The firm launched in 2014, so it's a young company, but even so, a lot has changed since then and the platform needs to be kept modernized. Swift is not new to the software industry. He and his partners had another company that developed an email marketing platform. But it was built on old architecture and for email alone. When it came time to add new channels, he recalls, it was impossible. So they knew when they architected Cordial that they didn't want to do anything that would paint them into a corner in the future.
To that end, Cordial is architected to allow the flexibility to connect to different systems. It has an open architecture that allows it to integrate with different systems (including CDPs and other systems that store the data needed) and channels so that it can easily incorporate a new one when it comes along. There is also a strong services team supporting the entire onboarding process. Swift says he believes in the adage about teaching people to fish. His team wants to help teach marketers, and IT teams how to use the platform, so they feel empowered to go out and be successful. At the same time, they also provide the services to do the work for a brand if needed.

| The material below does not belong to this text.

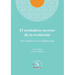 El verdadero secreto de la evolución. Del conflicto a la colaboración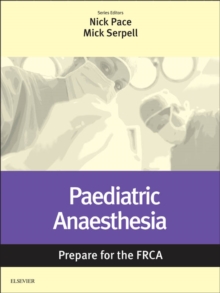 Paediatric Anaesthesia: Prepare for the FRCA : Paediatric Anaesthesia: Prepare for the FRCA E-Book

The truth is that having the right technology greatly impacts a brand's ability to deliver personalized experiences across channels. And yes, if a brand is tied down in relationships with established vendors that have sliced, diced, and cobbled together messy architectures, they will struggle. They may get the personalized experience they want, but it will come at a cost, the most significant being late to market.
This is not a new story. D2C brands have competed with brands that have been around for years because they are more nimble and not restricted by old processes and technology.
Cordial isn't the only B2C-focused customer engagement vendor. Braze, Iterable, Klaviyo, and MessageGears are a few other modern alternatives. And then there are the more prominent, older vendors like Oracle, Salesforce, and Adobe.
But I would question if the older vendors aren't working to keep up with the newer ones. I can't speak for them all, but I know we're seeing some new solutions and capabilities coming out that are helping marketers (and sales) create better experiences.
The most important thing to do is do your homework. Know what you want to achieve and look for the technology that can help you do it quickly and easily. And if you are stuck with technology that won't do that, figure out how to make the change. Because you will need to.